Empiezo mirando hacia el este para extasiarme con la Torre mudéjar de San Pedro, con sus campanas instaladas milagrosamente y su inclinación este-oeste, que no se puede apreciar desde este enfoque; subo la vista hacia el este para congratularme con las fachadas de estilo renacentista del Palacio de los Vargas y de la Capilla del Obispo, con su estructura de estilo gótico isabelino, y sus notables obras de arte como las escenas bíblicas de sus puertas de madera, el retablo policromado o los alabastros de Giralte, que servían de fondo incomparable a mis misas, mis sabatinas y a los demás actos píos a los que me dedicaba en mis años mozos. Y yo sin saberlo y valorarlo por aquel entonces.
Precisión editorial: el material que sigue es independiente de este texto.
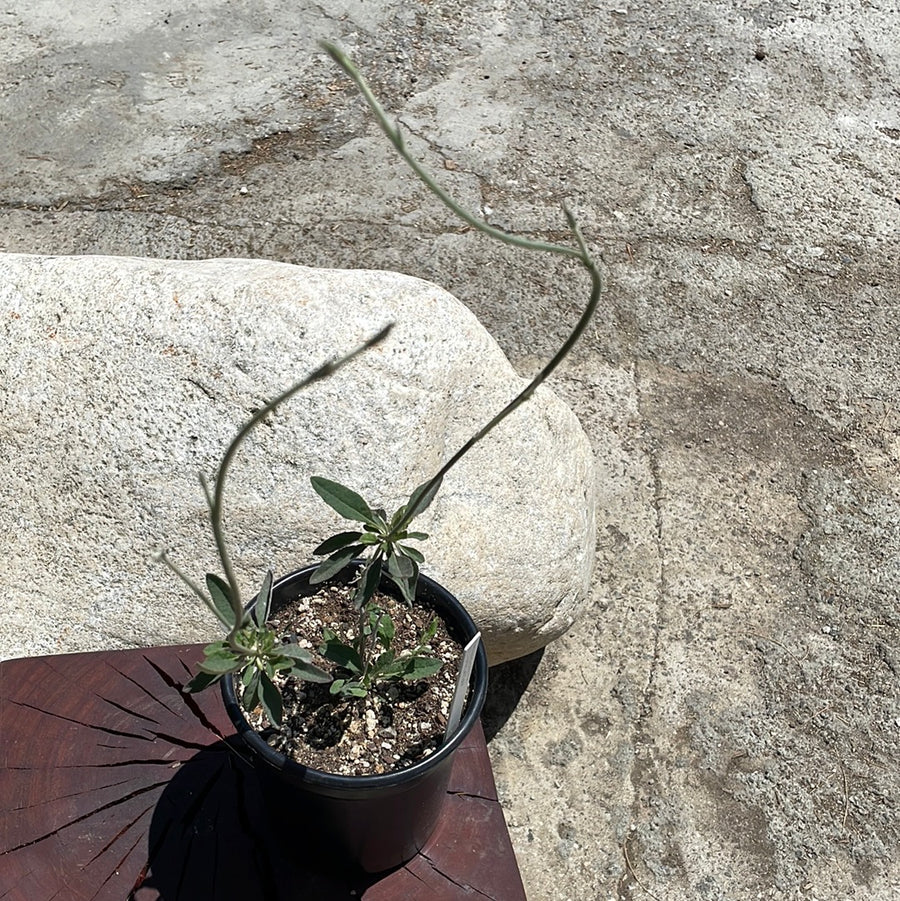Eriogonum elongatum, Longstem Buckwheat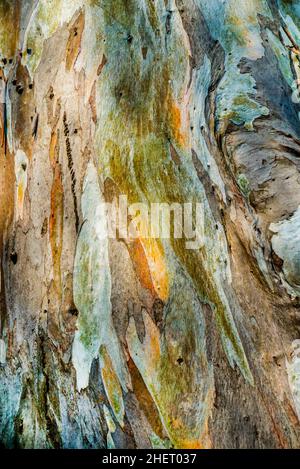 Écorce d'eucalyptus, jardin Botanico Molino de Inca avec sites botaniques, Torremolinos, Torremolinos, Andalousie, Espagne Banque D'Images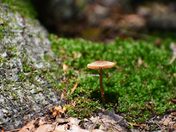  Mushroom on Moss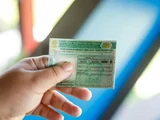 Motoristas de Alagoas economizam R$ 16,2 milhões com renovação automática da CNH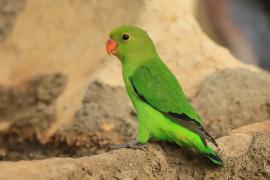 Nierozłączka czarnoskrzydła - Agapornis taranta - Black-winged Lovebird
Girando los ojos sólo unos pocos grados hacia el oeste aparece en mi mente el desaparecido Palacio de los Lasso de Castilla, en el que se alojaron, ni más ni menos, que los Reyes Católicos, Germana de Foix, Juana la Loca y el Cardenal Cisneros. Por cierto, que el severo Cardenal muy posiblemente estacionara “sus poderes” en la Plaza de la Paja, para exhibirlos ante aquellos nobles poco “carlistas”.

A partir de ahí, mis ojos se deslizan cuesta abajo por la Costanilla de San Andrés, hasta ver el “lotero” Colegio de San Ildefonso, la tímida calle que Madrid ha dedicado a su reconquistador o las casas en donde vivió Ruy González de Clavijo, ya casi sobre las aguas del arroyo Matrice.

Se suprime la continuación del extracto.